After finding the line with "Mini Christmas Decorations, Small", restate it and each remaining line of the material word for word, omitting every picture.

Information supplied:
● ● ●
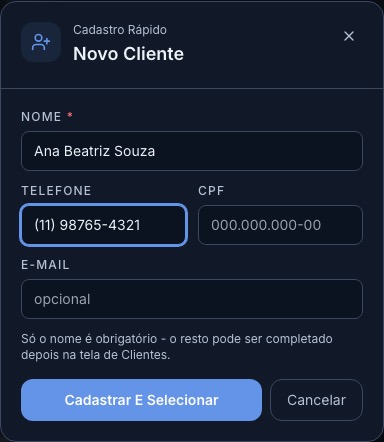 Cadastro rápido de cliente, com apenas o nome obrigatório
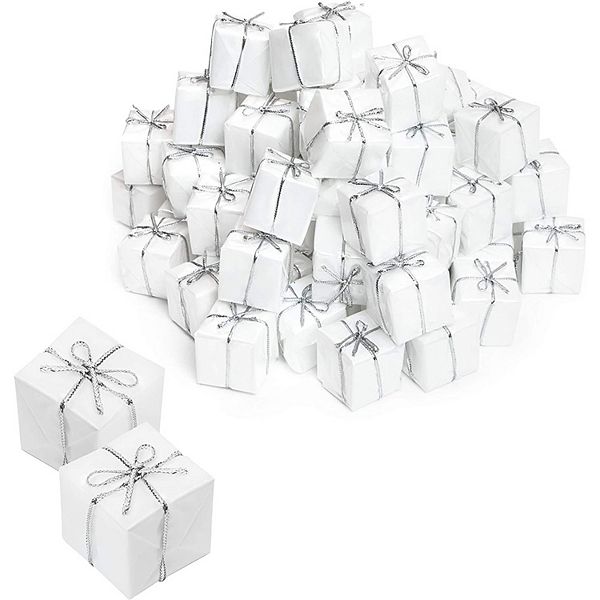 Mini Christmas Decorations, Small Rustic Present Boxes (White, 1.15 in, 72 Pack) Okuna Outpost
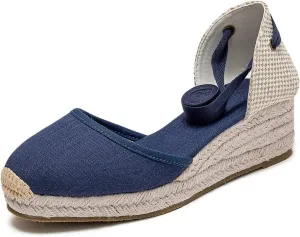 U-lite Womens Platform Wedge Sandals Espadrilles Closed Toe Ankle Strap Lace Up Ankle-Tie Strap Classic Espadrille Heel Blue 8.5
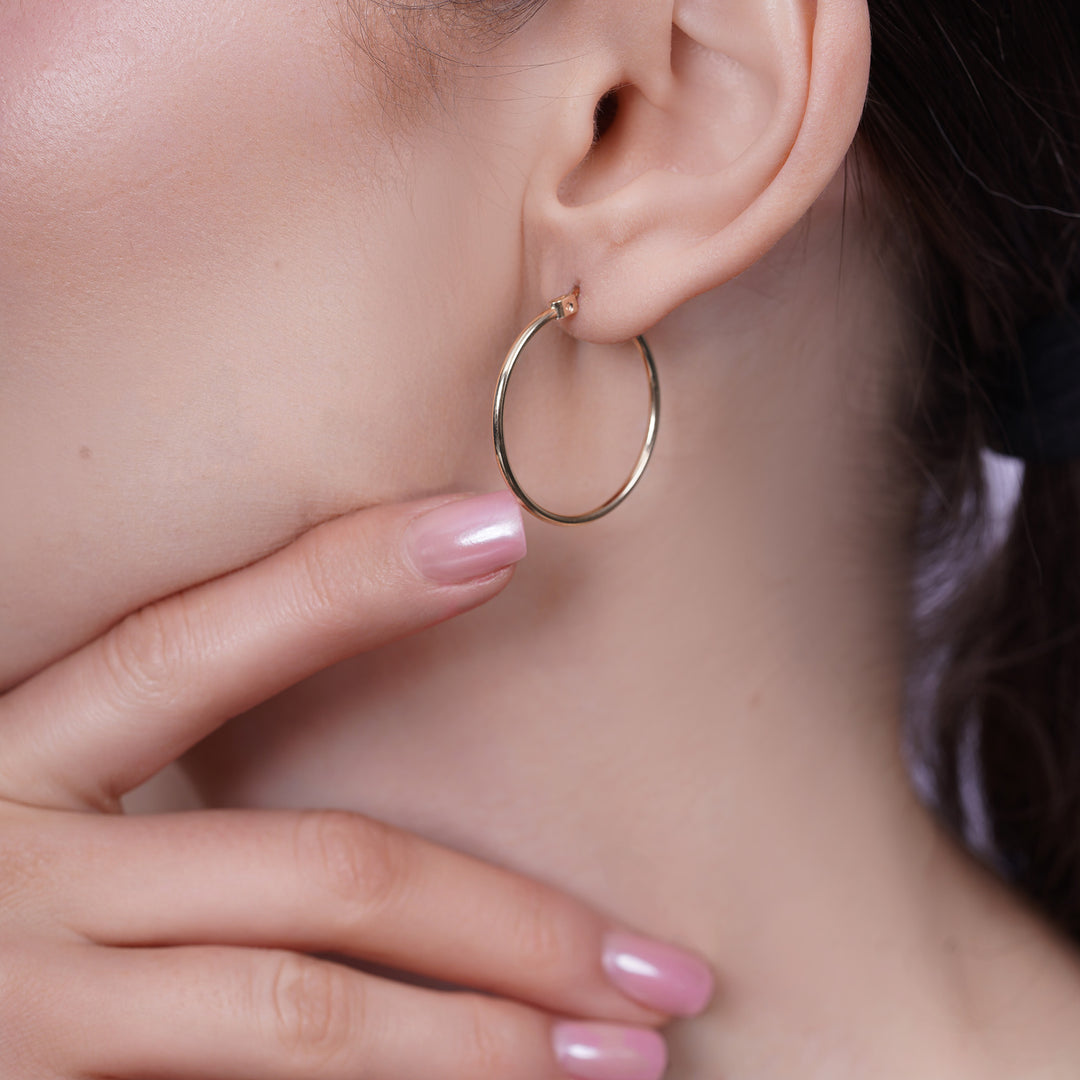 14K Yellow Gold Classic High Polish Hoop Earrings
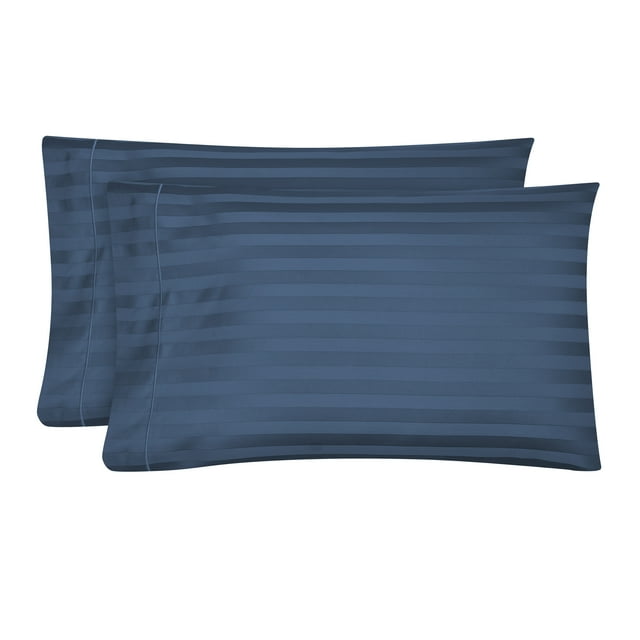 Hotel Style 600 Thread Count Navy Damask Stripe Egyptian Cotton Pillow Cases, Queen (2 Count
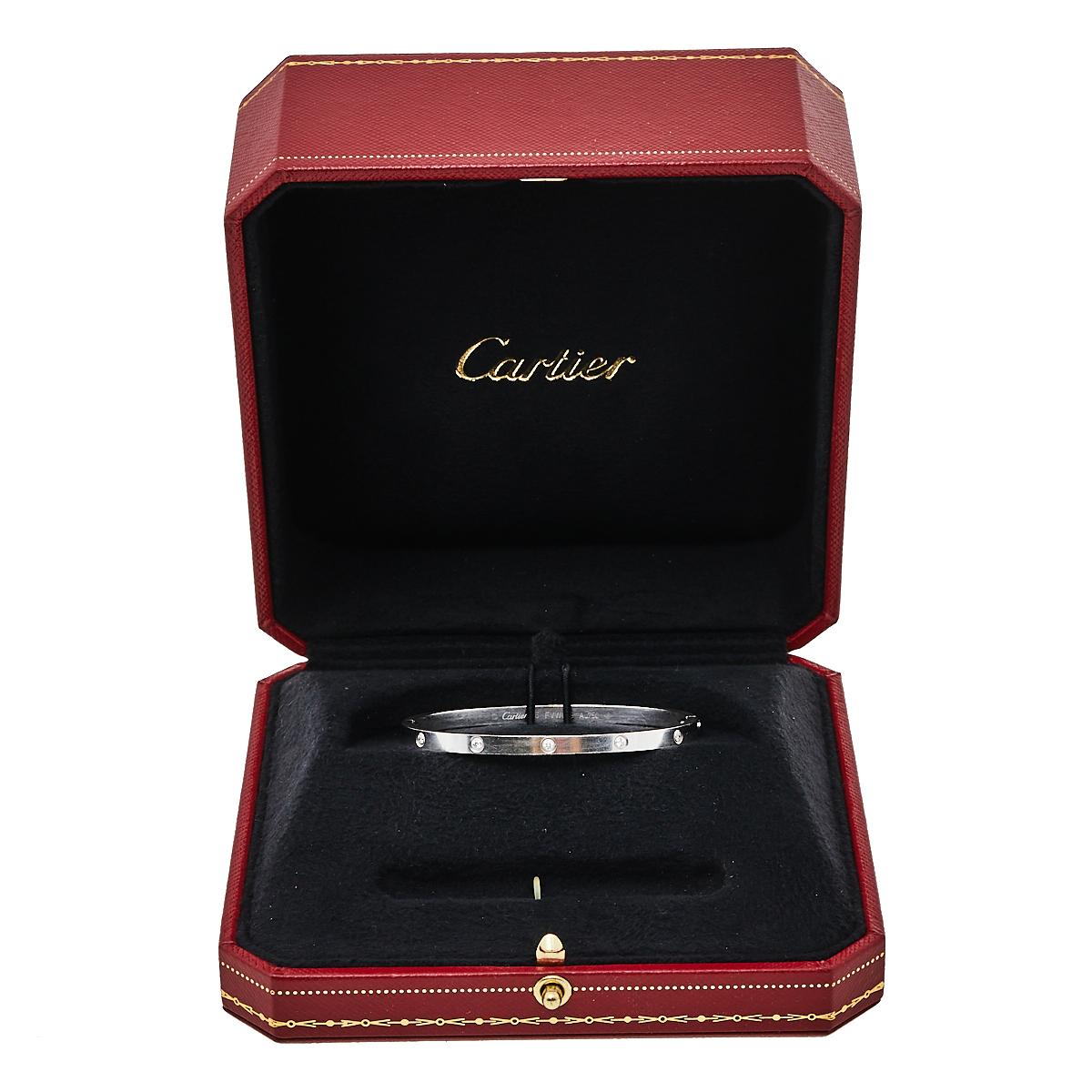 Cartier Love 10 Diamond 18K White Gold Small Model Bracelet 16 In Good Condition In Dubai, Al Qouz 2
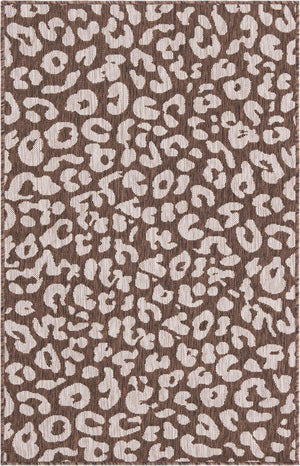 Brown 3' 1 x 5' 3 Outdoor Safari Rectangle Area Rug Weather Resistant for Patio, Deck, Terrace, Balcony, Porch Animal Print Wildlife Nature Carpet for Sale at Rug Engine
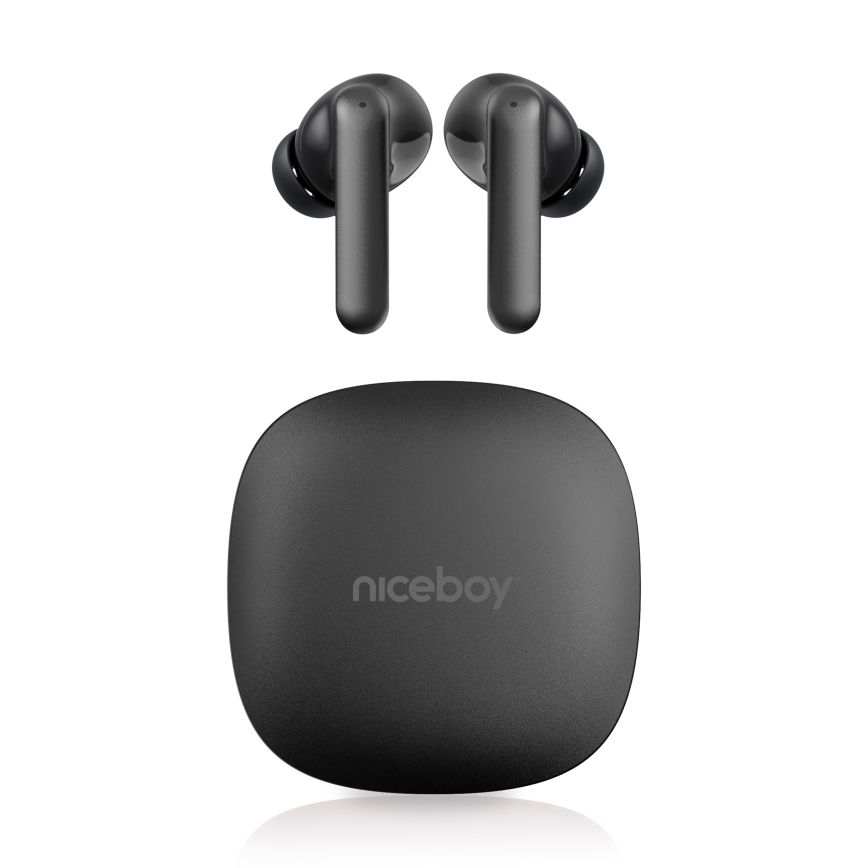 Niceboy Pins 4 PRO - Trådlös earphones med ANC 380 mAh + 2x 35 mAh IP54 svart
● ● ●
Final answer:
 Mini Christmas Decorations, Small Rustic Present Boxes (White, 1.15 in, 72 Pack) Okuna Outpost
 U-lite Womens Platform Wedge Sandals Espadrilles Closed Toe Ankle Strap Lace Up Ankle-Tie Strap Classic Espadrille Heel Blue 8.5
 14K Yellow Gold Classic High Polish Hoop Earrings
 Hotel Style 600 Thread Count Navy Damask Stripe Egyptian Cotton Pillow Cases, Queen (2 Count
 Cartier Love 10 Diamond 18K White Gold Small Model Bracelet 16 In Good Condition In Dubai, Al Qouz 2
 Brown 3' 1 x 5' 3 Outdoor Safari Rectangle Area Rug Weather Resistant for Patio, Deck, Terrace, Balcony, Porch Animal Print Wildlife Nature Carpet for Sale at Rug Engine
 Niceboy Pins 4 PRO - Trådlös earphones med ANC 380 mAh + 2x 35 mAh IP54 svart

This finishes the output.